So he says yes, and soon finds himself not only going along for the ride, but reconnecting with that part of himself that he turned off long ago. (It’s one of Cuarón’s most delicate touches that, in the midst of all this, Theo finds himself falling back in love with Julian.) But in the world of Children of Men, idealism comes with a heavy price tag. En route to the coast, Theo, Julian and the Fishes are ambushed by an angry mob, their windshield smashed and Julian mortally wounded. After which, and for the rest of its running time, Children of Men evolves into a breathless chase, with Theo and Kee fleeing from one supposed safe house to another, narrowly staying one step ahead of those who would prevent their rendezvous with a boat called the Tomorrow — the supposed home of a progressive think tank called The Human Project — that may be but a mythical Shangri-la. And why all the fuss about Kee? Well, you see, she just so happens to be eight months pregnant, and a newborn baby could do a lot to further the revolutionaries’ cause.
Children of Men, which was loosely adapted by Cuarón and four other writers from the 1992 novel by British mystery writer P.D. James, is the least heavily publicized of the major studio releases opening in Los Angeles this holiday season, and maybe the least salable to audiences who get their dystopia fix from watching the evening news.

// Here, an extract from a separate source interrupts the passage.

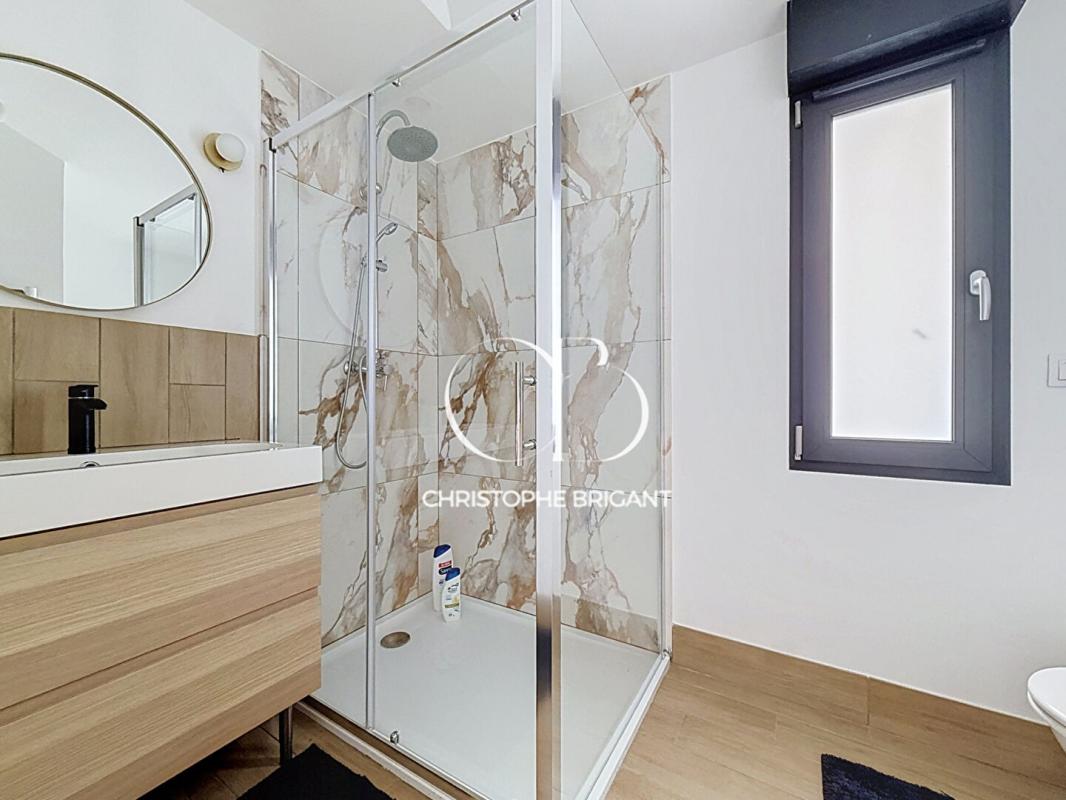 VILLEJUIF Maison d'exception, rénovée, sans vis-à-vis de 6 pièces 128 m2 15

But it’s also one of the year’s most imaginative and uniquely exciting pieces of cinema. Cuarón, whose interests as a filmmaker seem to know no boundaries — his previous credits include Y Tu Mamá También, the lyrical children’s picture A Little Princessand the best of the Harry Potter movies — has made that rarest of cinematic hybrids: a brilliant genre entertainment that channels the spirit of a 1960s protest picture (the influence of the British faux-documentarian Peter Watkins is keenly felt); a political thriller in which the politics are never permitted to overwhelm the narrative; and a human drama that is about nothing less than the survival of the species. It suggests what that other recent vision of neofuturistic London, V for Vendetta, might have been had it actually grappled with the issues it raised rather than devolving into a glittering recruitment poster for terrorist martyrdom.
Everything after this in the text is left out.